Его и сестру воспитывал дед: мать умерла от рака, когда Полине был год, а отца их никто и не знал, в том числе они сами. Одни вспоминали военного, который останавливался в их городке на полгода, привезя с собой жену и троих детей, а потом, восемь лет спустя, Лидка сорвалась вслед за ним бог знает куда и вернулась, беременная Полинкой; другие уверенно говорили об актере, дважды приезжавшем с гастролями в их захолустный городок – как раз с той самой разницей в восемь лет, которая, по мнению этих других, все и доказывала; третьи и вовсе указывали на соседа-сапожника, но им веры не было никакой, потому что сапожник был очень светлый блондин, почти альбинос, и уже одно это делало совершенно невозможным его отцовство.
В одном сомнений не было: детей Лидка рожала от одного отца. Они и пошли в отцовскую породу, нисколько не похожие ни на мать, ни на деда, которого соседи и прочие любопытствующие увидели позже: невысокие, с густыми темными волосами, резкими порывистыми движениями, оба – с очень белой кожей, почти не загорающей на жарком летнем солнце. Воронята.

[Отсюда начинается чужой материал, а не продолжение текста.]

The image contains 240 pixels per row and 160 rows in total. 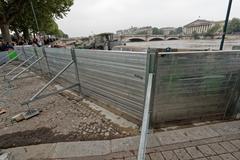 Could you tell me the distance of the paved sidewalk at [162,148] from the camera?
2.15 meters

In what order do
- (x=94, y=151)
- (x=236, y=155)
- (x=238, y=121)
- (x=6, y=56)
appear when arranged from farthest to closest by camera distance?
(x=6, y=56)
(x=238, y=121)
(x=94, y=151)
(x=236, y=155)

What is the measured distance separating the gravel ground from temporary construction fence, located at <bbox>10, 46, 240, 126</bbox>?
0.58 m

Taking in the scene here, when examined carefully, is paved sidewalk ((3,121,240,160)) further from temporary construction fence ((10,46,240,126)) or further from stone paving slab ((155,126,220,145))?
temporary construction fence ((10,46,240,126))

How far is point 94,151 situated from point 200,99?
208 centimetres

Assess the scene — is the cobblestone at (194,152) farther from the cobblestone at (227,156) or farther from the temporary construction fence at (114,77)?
the temporary construction fence at (114,77)

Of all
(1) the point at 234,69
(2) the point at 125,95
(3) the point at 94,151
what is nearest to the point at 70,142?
(3) the point at 94,151

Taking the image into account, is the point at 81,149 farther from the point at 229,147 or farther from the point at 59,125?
the point at 229,147

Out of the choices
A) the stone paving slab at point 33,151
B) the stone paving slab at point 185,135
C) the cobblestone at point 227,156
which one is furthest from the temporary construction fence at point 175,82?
the stone paving slab at point 33,151

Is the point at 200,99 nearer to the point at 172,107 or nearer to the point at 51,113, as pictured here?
the point at 172,107

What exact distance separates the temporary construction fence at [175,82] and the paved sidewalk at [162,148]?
384 mm

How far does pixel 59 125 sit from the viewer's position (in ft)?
10.0

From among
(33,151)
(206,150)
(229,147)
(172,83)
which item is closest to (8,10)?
(33,151)

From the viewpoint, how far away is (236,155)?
2.12 m

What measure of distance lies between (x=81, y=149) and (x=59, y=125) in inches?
37.5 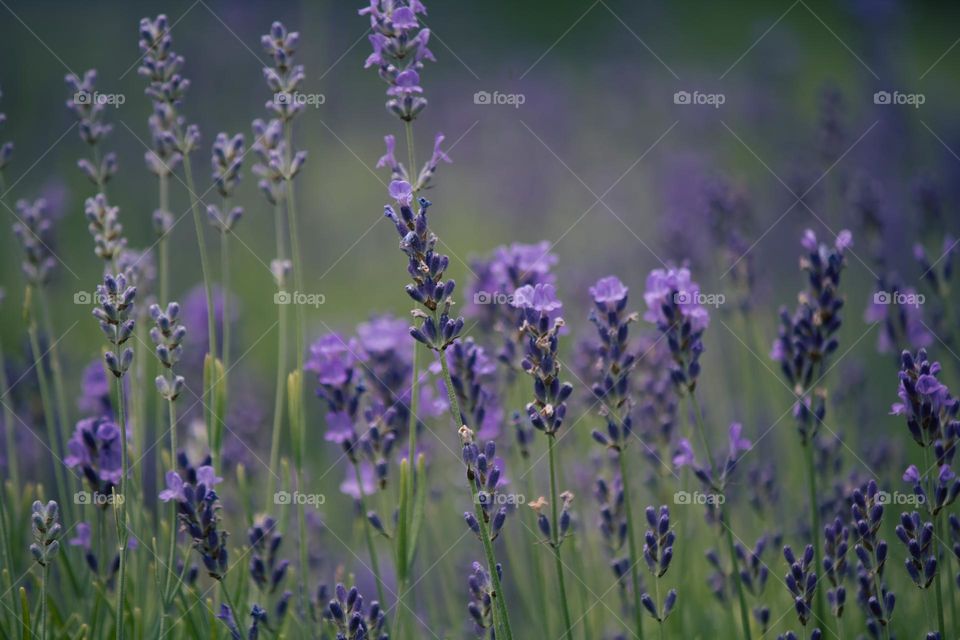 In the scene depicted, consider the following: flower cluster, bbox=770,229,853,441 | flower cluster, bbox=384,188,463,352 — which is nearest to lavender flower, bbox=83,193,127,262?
flower cluster, bbox=384,188,463,352

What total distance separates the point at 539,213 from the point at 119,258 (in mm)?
3935

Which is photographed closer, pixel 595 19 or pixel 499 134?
pixel 499 134

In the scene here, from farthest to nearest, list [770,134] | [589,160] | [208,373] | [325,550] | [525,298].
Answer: [589,160] < [770,134] < [325,550] < [208,373] < [525,298]

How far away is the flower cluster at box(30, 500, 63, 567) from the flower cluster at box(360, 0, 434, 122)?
102 centimetres

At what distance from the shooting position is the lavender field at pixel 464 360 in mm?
1829

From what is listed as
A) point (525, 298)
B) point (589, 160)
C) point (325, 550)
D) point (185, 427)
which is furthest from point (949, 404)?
point (589, 160)

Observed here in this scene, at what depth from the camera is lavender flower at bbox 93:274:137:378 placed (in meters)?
1.68

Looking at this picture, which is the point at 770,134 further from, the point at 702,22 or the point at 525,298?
the point at 525,298

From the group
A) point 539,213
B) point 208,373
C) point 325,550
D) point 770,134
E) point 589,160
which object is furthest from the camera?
point 589,160

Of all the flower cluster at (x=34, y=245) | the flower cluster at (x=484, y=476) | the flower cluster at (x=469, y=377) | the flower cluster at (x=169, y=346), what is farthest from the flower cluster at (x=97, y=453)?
the flower cluster at (x=484, y=476)

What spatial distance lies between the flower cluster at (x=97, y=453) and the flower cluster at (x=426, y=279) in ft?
2.61

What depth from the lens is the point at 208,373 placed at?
2033 millimetres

Среди остальных ребятишек, игравших во дворе, они смотрелись дичками – не столько из-за странноватой своей внешности, сколько из-за сильной внутренней обособленности, которая чувствовалась всеми, даже взрослыми. Удивительной и трогательной была забота старшего, Кольки, о младшей сестре: едва исполнилось Полинке девять месяцев и она пошла, как брат начал выводить ее во двор, ходил за ней, наклоняясь и придерживая ее за толстые ручки, поднятые вверх. А Полинка смешно перебирала кривыми ножками, крепенькими и короткими, косолапила по всему двору, одобрительно гудела что-то себе под нос, заливаясь смехом, когда брат подкидывал ее кверху, так что ножки взлетали выше головы.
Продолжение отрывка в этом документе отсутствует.